### ABOUT THIS TASK
Would you please output, word for word, the span of the listing below that opens on the line containing "Used BMW 4 Series" and closes on the line containing "1021 Coal Ave Sw - Photo 7 of 33"? Include both ends and nothing more.

### SOURCE MATERIAL
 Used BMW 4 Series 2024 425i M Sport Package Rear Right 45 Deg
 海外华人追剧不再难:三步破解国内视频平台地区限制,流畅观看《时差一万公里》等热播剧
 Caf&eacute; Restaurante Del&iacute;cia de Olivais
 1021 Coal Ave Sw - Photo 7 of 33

* * *

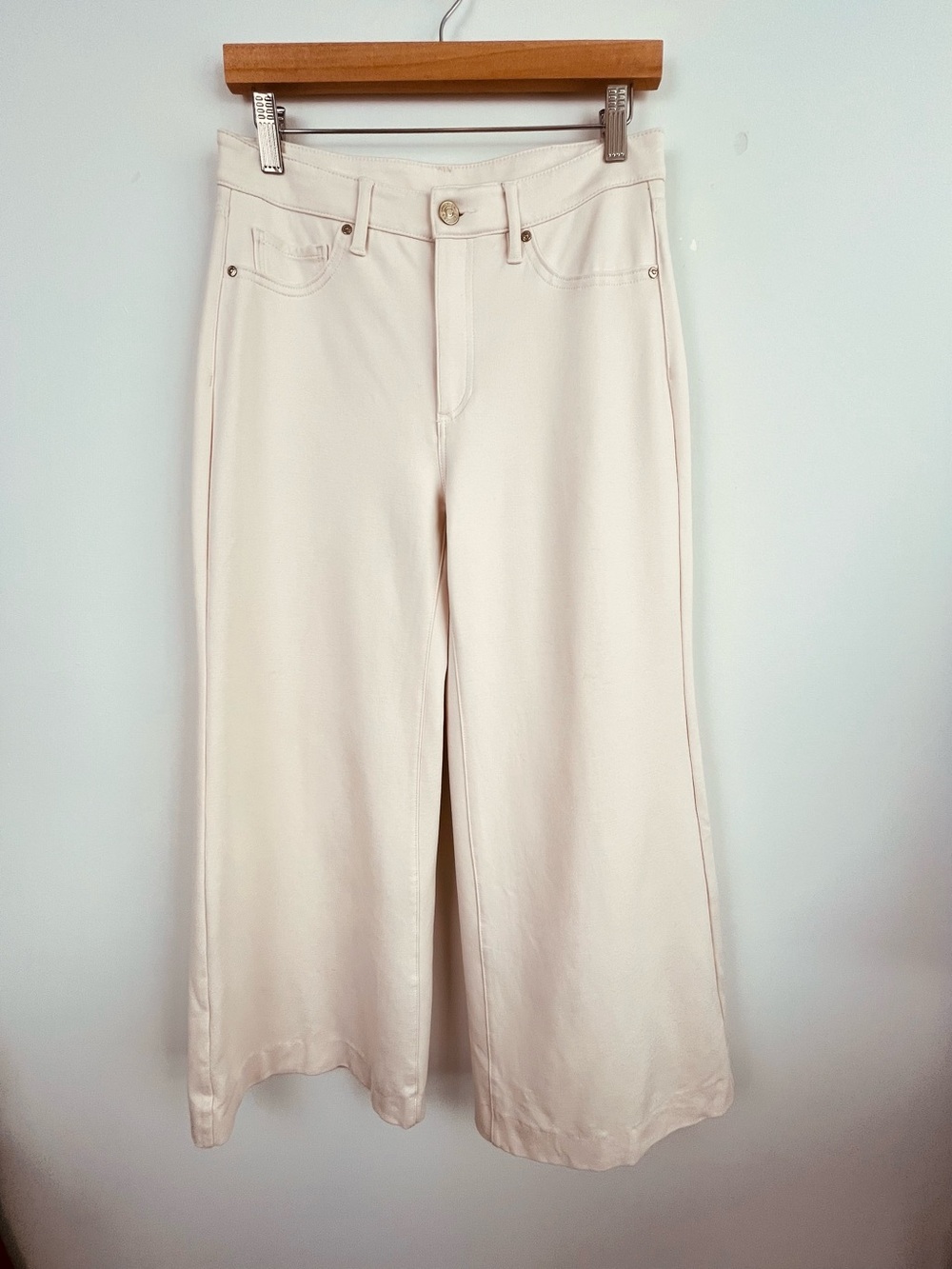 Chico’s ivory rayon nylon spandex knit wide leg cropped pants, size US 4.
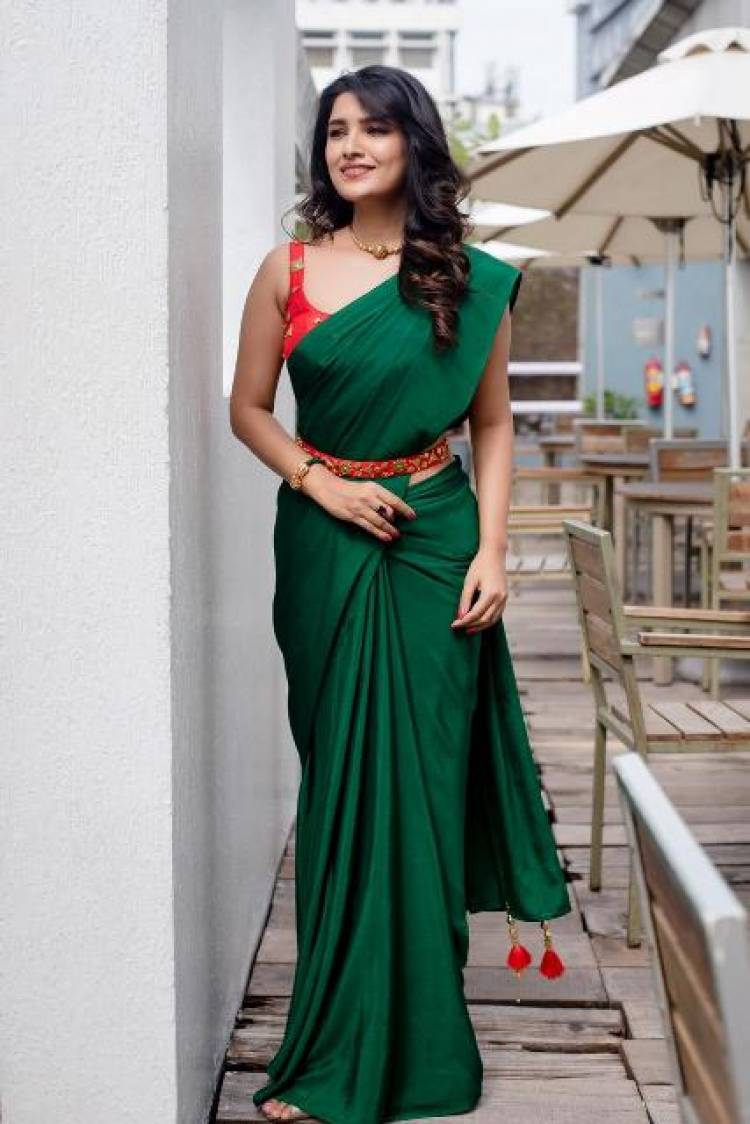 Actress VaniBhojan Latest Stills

### THE COMPLETED TASK
 Used BMW 4 Series 2024 425i M Sport Package Rear Right 45 Deg
 海外华人追剧不再难:三步破解国内视频平台地区限制,流畅观看《时差一万公里》等热播剧
 Caf&eacute; Restaurante Del&iacute;cia de Olivais
 1021 Coal Ave Sw - Photo 7 of 33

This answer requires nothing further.